Copyright Andrew Phelps, 2009 courtesy Kehrer Verlag Heidelberg

For my liking, Andrew Phelps’s introduction, printed on the inside book cover, places this entire photobook into an insightful context, “ But what does it mean to photograph with the pretense of documentation? I find it is easy to get caught up in chasing an illusion of what I think a place should look like: preconceptions are powerful and the quest to understand a place often leads to a greater misunderstanding. The best I can do is tell the story of my three weeks of traveling and responding visually to a place I don’t necessarily understand. It is the story of not understanding Niigata.”

As I have the opportunity to travel extensively to international locales, this photobook, and Phelps understanding of the limitations of someone who just drops in, resonances with me. Actually, I have similar feelings when I am traveling within Southern California through the Mexican, Vietnamese and other diverse micro cultural neighborhoods that populate our region. Cultural heritage, language and customs become more pronounced when traveling through Europe and for me, even more so to Asia, where I am unable to read their graphic language. I can recall being very disoriented on my first trip into China, where I was truly a stranger in a strange land.

Although the subject of Phelps’s photobook, Not Niigata, is about the Japanese city of Niigata, it is more about Phelps, the stranger who is in a strange land. Phelps is not Japanese, was not raised in Japan (born in the US) and currently resides with his family in Austria. Thus Phelps experiences and views Niigata unlike a person who was raised in Niigata, and who would call this home. The resulting color documentary style photographs are not Japanese in nature or spirit, but about a city seen by someone who is non-Japanese and is reacting to situations that are interesting unique to him.

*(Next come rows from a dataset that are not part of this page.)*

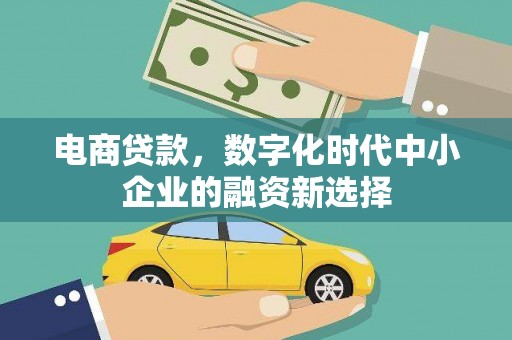 扶绥电商贷款，数字化时代中小企业的融资新选择
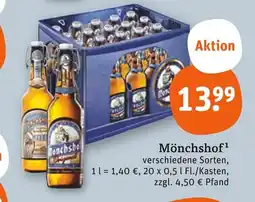 tegut Mönchshof mönchshof Angebot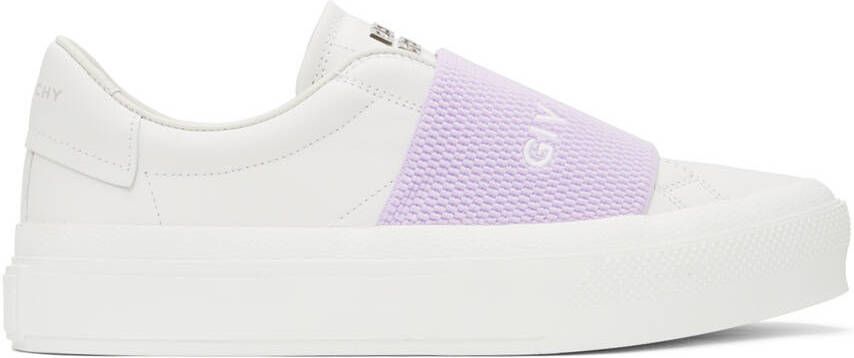 Givenchy White & Purple City Sport Sneakers - Picture 5
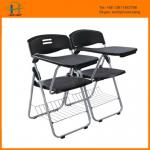 hot selling school chairs for sale with foldable writing board and book basket LC-038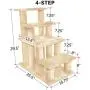 Furhaven Pet - Steady Paws Furniture Assist Multi-Step Dog Stairs for High Beds & Couch for Dogs & Cats - Multiple Heights & Colors Furhaven Pet - Steady Paws Furniture Assist Multi-Step Dog Stairs for High Beds & Couch for Dogs & Cats - Multiple Heights & Colors
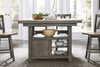 Image of Silverton Rustic Farmhouse Gray Dining Room Collection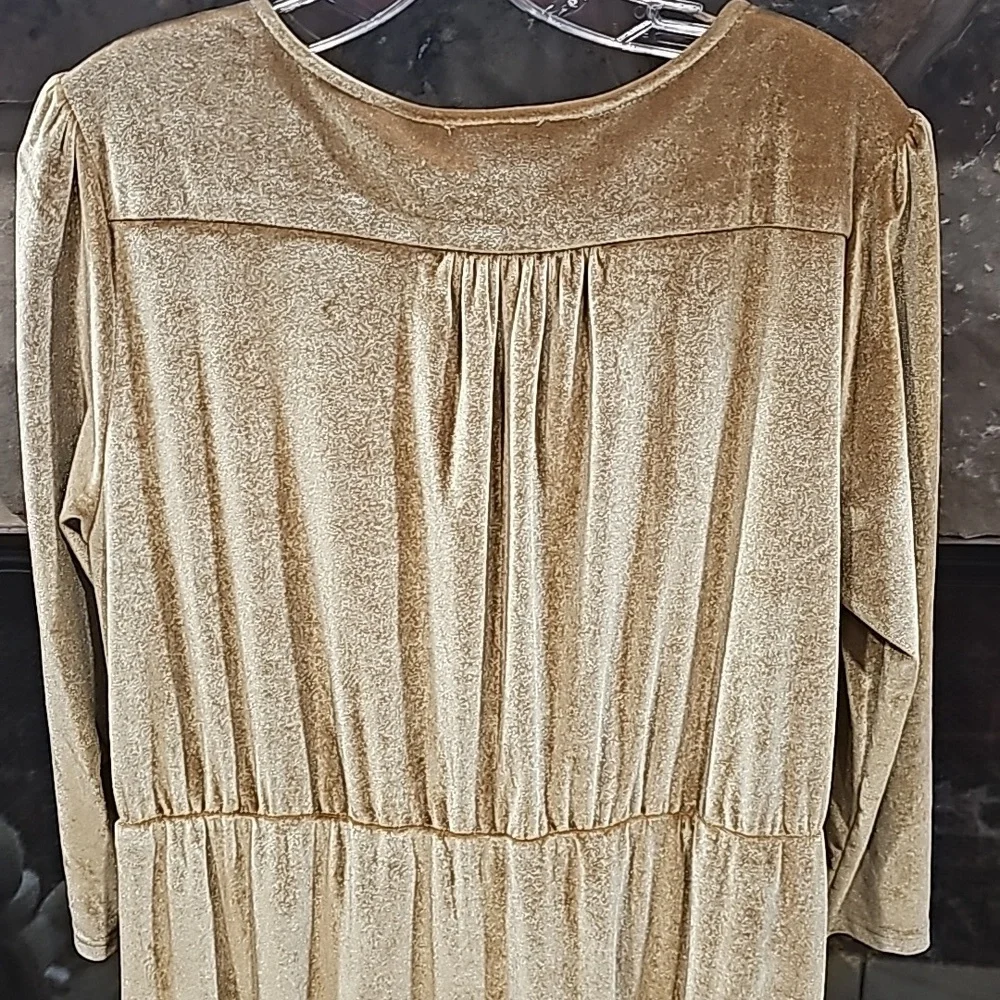 Baltic Born Gold Velvet Maxi Dress  XXL - Picture 4 of 7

To see what Phelps has framed and extracted from Niigata is interesting, odd, strange, different, mysterious, and also with familiar nuances. Stay in a similar philosophical introspection suggested by Phelps, mine are also observations by a non-resident of Niigata who is reading this photobook in Southern California. From this body of work, his narrative introduces us to a place that is in proximity to a sea-coast and mountain range, with an urban infrastructure and adjacent rural places.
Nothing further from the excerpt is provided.